# Data provided
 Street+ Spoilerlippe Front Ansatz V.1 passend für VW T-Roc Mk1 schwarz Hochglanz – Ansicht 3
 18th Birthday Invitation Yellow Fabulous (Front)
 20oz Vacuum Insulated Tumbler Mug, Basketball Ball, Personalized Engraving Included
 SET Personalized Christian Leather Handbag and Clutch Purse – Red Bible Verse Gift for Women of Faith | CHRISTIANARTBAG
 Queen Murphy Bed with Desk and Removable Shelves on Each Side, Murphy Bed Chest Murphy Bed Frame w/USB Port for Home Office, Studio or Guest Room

==

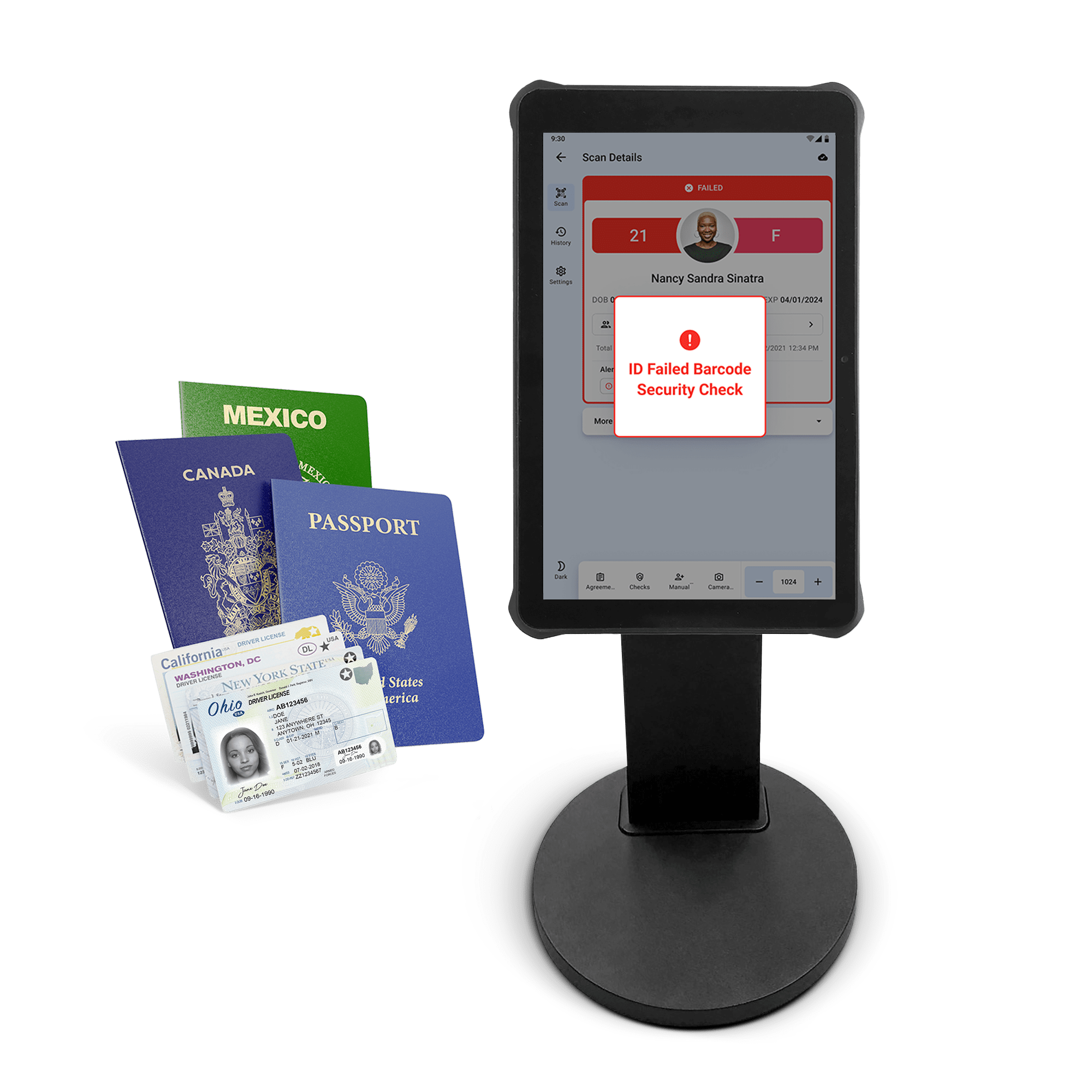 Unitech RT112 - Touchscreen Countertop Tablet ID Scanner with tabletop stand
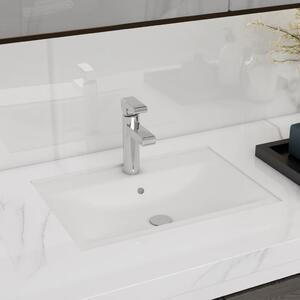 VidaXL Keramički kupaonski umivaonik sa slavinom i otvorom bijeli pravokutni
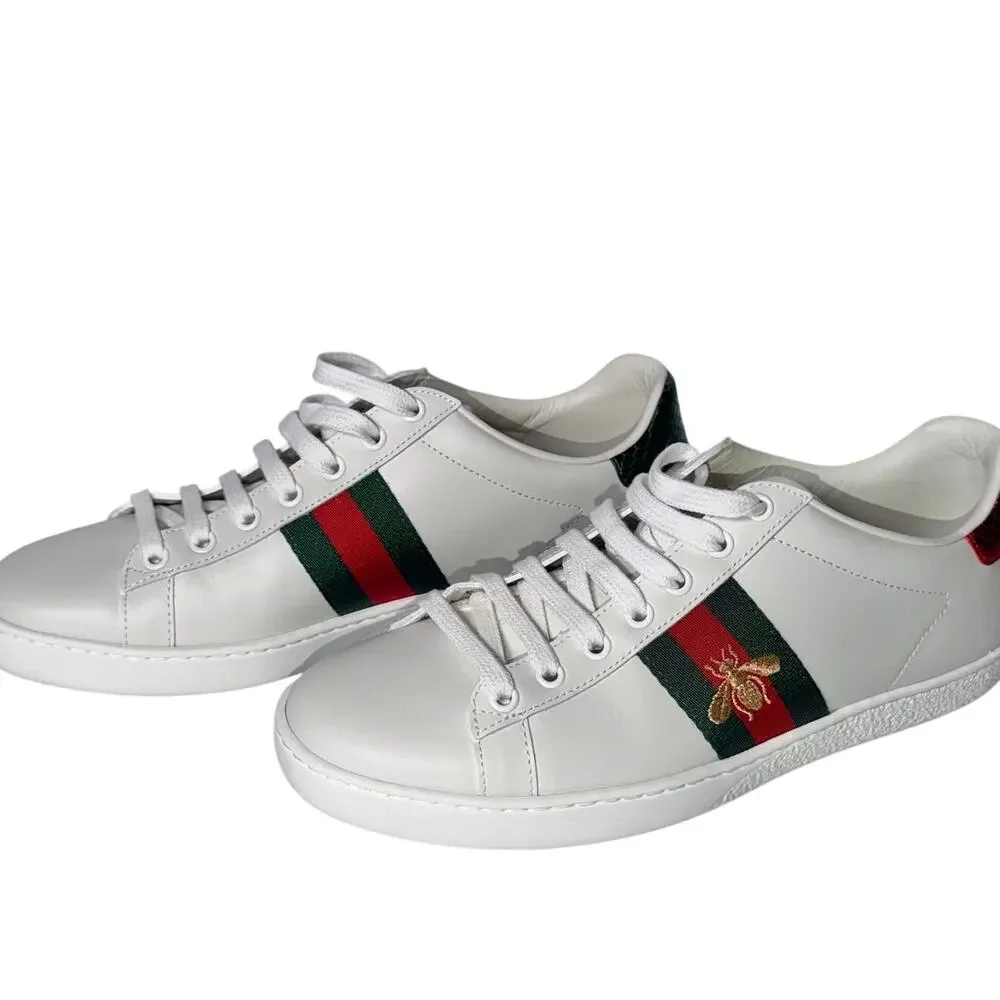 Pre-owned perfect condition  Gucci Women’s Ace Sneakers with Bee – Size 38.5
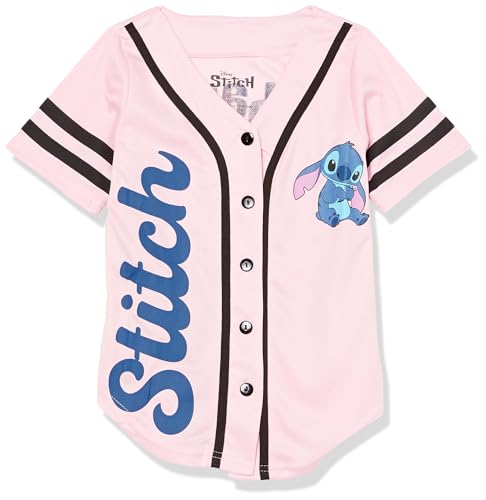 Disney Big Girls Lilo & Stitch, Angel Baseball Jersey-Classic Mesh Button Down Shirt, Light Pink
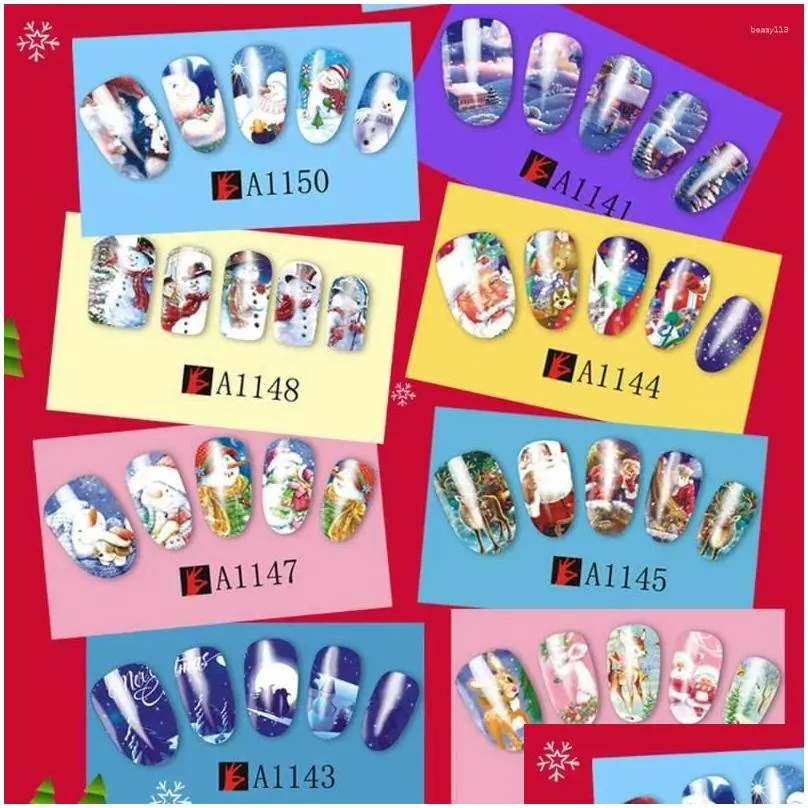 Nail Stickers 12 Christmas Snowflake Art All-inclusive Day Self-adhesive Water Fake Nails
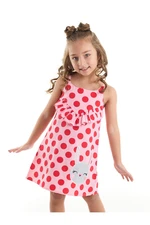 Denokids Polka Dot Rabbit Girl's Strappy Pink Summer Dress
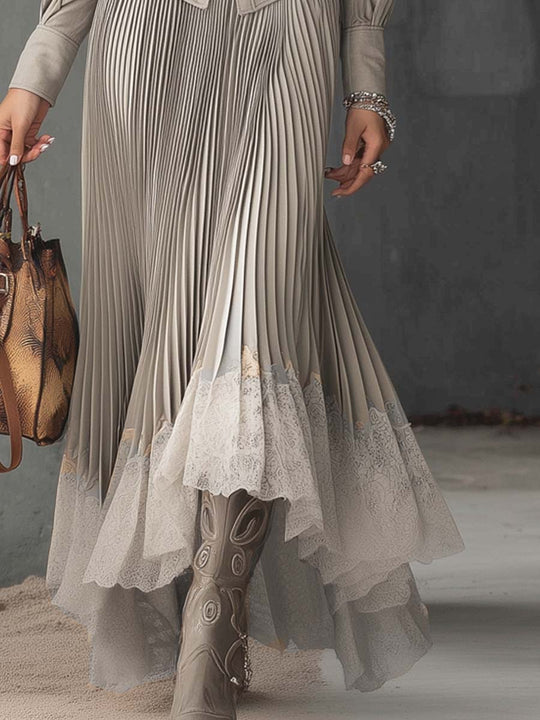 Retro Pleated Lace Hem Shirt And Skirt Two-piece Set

# Problem to work on
Across the data shown above, how many lines carry the string "Personalized"? Reply with the figure by itself.

# Written solution
2